Cate Blanchett leitet die Jury in Cannes

In der Missbrauchsaffäre setzen die Filmfestspiele von Cannes ein Zeichen: Die Festivaldirektion ernannte am Donnerstag die australische Oscar-Preisträgerin Cate Blanchett zur diesjährigen Leiterin der Jury

Inmitten der Missbrauchsaffären in den USA, aber auch in Europa, setzen die Filmfestspiele von Cannes ein Zeichen: Die Festivaldirektion ernannte am Donnerstag die australische Schauspielerin Cate Blanchett zur diesjährigen Leiterin der Jury. Die zweifache Oscar-Preisträgerin hat eine Stiftung für Missbrauchsopfer mitgegründet und war eine der ersten Prominenten, die öffentlich Stellung gegen den ehemaligen Hollywood-Produzenten Harvey Weinstein bezogen.

Die Leitung der Festspiele begrüßte in einer Erklärung, dass es gelungen sei, diese "einzigartige Künstlerin" für den Jury-Vorsitz zu gewinnen. "Sie wird eine engagierte Präsidentin sein, eine leidenschaftliche Frau und eine großzügige Zuschauerin", betonte Festival-Präsident Pierre Lescure.

Blanchett ist die zwölfte Frau an der Spitze der Jury in Cannes, zuletzt hatte vor vier Jahren die neuseeländische Regisseurin Jane Campion diesen Posten inne. Die 71. Festspiele an der Côte d'Azur beginnen am 8. Mai.

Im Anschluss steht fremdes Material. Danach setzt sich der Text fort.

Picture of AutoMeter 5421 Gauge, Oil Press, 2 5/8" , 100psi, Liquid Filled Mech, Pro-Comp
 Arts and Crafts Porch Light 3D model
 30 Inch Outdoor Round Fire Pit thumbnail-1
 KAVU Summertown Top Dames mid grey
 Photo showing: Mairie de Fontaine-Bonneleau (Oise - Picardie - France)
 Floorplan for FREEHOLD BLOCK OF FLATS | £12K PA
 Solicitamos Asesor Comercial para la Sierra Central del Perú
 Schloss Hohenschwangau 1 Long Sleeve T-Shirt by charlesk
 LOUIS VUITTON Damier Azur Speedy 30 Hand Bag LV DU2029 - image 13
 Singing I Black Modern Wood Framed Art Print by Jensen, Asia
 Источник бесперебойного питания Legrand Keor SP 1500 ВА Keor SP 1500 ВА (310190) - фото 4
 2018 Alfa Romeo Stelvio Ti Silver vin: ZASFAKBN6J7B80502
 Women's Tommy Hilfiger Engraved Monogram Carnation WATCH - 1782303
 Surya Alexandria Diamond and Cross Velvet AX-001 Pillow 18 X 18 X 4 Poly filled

Die 48-jährige Blanchett gehört zusammen mit Meryl Streep und Natalie Portman zu den Mitbegründerinnen von Time's Up (Die Zeit ist reif), einer Initiative von mehr als 300 Schauspielerinnen, Autorinnen, Regisseurinnen und anderen Frauen aus der US-Unterhaltungsindustrie gegen sexuelle Gewalt am Arbeitsplatz. Sie haben bereits gut 13 Millionen Dollar (rund elf Millionen Euro) eingesammelt, um weibliche und männliche Missbrauchsopfer zu unterstützen.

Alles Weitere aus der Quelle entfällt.